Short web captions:
§ §

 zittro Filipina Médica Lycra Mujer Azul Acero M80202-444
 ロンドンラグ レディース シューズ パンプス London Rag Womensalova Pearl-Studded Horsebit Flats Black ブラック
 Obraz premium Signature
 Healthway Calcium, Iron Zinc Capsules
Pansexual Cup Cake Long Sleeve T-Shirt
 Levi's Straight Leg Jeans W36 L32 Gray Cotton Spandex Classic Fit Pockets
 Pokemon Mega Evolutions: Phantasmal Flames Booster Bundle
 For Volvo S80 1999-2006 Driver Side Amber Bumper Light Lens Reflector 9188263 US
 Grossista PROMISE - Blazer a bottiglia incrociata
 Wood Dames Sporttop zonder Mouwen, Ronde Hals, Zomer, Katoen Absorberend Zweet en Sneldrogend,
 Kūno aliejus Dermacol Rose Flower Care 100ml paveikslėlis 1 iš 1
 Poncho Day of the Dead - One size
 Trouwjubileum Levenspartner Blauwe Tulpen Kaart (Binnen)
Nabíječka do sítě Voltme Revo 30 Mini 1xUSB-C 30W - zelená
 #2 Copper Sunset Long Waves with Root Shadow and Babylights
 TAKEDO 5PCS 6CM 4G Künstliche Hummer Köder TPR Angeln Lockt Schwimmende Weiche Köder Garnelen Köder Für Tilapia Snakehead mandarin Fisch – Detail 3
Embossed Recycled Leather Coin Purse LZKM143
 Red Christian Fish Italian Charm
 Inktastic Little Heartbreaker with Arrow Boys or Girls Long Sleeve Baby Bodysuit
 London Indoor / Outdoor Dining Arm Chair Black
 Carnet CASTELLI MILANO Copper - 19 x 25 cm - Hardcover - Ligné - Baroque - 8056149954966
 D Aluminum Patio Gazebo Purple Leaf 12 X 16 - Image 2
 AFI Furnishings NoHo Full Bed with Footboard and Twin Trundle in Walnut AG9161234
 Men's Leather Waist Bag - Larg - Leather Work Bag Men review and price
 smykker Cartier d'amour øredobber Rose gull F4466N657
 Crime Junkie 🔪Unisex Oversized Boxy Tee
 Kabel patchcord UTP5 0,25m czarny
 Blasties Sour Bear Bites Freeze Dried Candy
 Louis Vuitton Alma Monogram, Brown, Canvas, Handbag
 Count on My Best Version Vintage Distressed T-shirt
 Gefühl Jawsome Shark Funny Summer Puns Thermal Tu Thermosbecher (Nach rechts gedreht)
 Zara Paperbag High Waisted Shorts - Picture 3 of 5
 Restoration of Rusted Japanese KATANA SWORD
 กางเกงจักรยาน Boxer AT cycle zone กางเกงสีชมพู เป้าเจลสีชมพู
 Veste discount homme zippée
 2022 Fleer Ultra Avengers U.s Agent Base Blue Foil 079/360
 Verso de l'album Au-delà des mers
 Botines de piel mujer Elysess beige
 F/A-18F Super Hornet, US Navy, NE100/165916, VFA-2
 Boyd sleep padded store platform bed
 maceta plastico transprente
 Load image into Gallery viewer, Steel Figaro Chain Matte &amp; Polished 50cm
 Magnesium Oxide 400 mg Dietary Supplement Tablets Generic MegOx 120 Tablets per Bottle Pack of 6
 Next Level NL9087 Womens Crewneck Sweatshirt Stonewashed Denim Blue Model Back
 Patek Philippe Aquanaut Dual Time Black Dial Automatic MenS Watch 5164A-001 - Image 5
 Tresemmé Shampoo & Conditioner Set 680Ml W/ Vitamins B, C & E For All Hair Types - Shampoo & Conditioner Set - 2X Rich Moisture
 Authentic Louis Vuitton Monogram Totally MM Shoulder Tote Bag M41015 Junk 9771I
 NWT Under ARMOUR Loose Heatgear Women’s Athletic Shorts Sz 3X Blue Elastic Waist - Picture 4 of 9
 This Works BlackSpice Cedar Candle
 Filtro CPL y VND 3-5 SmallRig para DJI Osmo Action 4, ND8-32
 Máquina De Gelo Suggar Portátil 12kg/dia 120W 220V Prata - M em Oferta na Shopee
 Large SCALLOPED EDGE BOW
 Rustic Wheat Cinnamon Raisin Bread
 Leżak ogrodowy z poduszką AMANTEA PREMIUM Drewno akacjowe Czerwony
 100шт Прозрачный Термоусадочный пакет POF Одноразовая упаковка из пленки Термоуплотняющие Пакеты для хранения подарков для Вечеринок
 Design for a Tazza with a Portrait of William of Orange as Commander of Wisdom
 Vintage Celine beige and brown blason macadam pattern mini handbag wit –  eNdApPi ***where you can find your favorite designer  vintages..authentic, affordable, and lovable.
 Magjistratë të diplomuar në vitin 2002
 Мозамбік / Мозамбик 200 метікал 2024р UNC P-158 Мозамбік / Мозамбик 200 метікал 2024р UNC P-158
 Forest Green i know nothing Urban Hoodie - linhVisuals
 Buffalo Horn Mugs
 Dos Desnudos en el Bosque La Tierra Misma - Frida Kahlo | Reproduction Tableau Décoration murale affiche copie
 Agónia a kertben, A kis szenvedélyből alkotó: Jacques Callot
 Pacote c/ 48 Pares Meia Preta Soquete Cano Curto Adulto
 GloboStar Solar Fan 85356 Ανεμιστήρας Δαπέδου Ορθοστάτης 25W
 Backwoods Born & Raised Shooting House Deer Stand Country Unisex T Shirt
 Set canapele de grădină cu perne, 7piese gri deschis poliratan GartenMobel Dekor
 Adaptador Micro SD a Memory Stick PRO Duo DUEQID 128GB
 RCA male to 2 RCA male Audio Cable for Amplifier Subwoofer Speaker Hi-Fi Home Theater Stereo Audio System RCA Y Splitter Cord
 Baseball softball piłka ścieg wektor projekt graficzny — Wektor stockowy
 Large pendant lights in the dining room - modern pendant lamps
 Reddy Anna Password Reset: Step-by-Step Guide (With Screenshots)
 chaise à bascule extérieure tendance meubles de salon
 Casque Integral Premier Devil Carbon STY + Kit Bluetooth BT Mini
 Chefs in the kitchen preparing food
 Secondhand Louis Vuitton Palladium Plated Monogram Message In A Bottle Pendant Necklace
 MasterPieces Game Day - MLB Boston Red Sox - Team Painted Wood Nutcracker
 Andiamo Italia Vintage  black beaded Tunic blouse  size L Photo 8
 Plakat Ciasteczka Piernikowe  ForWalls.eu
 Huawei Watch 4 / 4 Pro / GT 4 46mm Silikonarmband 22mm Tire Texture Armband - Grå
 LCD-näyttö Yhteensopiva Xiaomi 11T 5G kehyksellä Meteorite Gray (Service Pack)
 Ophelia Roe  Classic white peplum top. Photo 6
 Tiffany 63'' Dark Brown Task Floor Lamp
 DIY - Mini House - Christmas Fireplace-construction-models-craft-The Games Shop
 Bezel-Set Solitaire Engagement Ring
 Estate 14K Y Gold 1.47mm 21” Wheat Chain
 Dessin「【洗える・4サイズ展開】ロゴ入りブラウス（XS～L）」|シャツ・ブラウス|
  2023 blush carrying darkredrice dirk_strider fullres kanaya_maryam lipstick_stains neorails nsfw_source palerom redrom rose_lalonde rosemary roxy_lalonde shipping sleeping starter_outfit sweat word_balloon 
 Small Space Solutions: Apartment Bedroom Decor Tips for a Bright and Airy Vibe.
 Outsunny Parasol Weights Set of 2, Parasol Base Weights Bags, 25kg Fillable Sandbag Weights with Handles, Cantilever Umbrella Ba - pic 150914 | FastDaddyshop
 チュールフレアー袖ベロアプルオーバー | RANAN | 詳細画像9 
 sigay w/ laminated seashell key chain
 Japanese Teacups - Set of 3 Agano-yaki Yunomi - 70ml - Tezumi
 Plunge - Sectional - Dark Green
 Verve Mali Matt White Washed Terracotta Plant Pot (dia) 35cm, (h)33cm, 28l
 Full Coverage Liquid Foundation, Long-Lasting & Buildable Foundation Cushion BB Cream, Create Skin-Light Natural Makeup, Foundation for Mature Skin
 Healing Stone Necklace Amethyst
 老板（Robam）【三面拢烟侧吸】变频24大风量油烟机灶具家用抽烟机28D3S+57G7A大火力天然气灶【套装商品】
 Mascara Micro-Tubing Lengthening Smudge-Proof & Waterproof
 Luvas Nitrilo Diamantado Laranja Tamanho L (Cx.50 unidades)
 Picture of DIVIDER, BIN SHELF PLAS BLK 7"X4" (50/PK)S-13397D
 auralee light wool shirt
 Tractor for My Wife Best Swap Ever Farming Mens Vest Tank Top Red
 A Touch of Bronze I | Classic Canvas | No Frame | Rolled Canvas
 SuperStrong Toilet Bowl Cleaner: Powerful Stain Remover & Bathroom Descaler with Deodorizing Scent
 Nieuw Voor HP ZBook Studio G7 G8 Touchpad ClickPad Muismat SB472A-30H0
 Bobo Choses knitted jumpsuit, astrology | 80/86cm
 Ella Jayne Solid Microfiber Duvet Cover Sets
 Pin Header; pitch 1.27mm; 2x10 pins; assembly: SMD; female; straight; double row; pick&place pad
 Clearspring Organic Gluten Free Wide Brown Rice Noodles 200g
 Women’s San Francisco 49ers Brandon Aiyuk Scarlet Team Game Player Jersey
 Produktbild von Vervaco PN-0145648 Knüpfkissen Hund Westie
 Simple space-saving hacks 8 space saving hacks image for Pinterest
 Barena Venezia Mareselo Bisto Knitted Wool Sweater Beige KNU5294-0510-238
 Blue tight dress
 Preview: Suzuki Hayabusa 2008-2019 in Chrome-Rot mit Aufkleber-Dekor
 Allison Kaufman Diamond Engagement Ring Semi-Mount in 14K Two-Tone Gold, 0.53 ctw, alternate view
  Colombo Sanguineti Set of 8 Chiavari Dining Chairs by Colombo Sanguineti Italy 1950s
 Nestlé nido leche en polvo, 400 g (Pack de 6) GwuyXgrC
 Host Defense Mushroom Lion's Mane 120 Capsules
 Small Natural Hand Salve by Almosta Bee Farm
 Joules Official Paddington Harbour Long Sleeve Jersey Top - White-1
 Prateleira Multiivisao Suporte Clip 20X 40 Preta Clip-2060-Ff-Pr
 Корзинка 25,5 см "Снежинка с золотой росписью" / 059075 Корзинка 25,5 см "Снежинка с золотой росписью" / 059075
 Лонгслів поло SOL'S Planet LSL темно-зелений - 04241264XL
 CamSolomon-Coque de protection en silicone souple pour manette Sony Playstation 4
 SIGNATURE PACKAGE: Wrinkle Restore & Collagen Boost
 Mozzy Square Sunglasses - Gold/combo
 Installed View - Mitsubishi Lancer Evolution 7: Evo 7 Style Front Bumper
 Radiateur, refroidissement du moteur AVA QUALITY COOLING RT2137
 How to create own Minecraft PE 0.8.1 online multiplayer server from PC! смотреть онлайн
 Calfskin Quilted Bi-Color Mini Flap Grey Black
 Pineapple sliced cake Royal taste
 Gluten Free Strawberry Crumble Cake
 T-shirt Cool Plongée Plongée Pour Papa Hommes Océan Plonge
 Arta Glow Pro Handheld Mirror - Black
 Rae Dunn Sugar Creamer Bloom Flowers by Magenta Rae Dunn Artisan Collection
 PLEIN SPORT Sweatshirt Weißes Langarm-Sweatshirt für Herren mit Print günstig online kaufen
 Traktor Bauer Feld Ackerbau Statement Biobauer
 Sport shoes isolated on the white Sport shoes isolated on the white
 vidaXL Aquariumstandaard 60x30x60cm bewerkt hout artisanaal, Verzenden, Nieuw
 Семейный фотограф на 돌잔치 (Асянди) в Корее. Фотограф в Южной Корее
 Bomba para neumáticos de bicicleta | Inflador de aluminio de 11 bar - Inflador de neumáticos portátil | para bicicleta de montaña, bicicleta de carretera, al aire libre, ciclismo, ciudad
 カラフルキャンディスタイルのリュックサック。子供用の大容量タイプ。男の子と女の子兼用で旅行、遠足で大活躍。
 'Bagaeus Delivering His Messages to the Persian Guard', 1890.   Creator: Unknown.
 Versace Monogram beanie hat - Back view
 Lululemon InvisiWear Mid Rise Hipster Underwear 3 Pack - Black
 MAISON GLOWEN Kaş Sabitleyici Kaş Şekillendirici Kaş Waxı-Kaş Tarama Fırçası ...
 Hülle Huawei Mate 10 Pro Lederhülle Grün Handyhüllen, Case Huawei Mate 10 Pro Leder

§ §

■ **WHAT THIS TASK INVOLVES**: Going through the data, tally the lines containing "Copper" and report only the result.

■ **RESPONSE BOX**: 2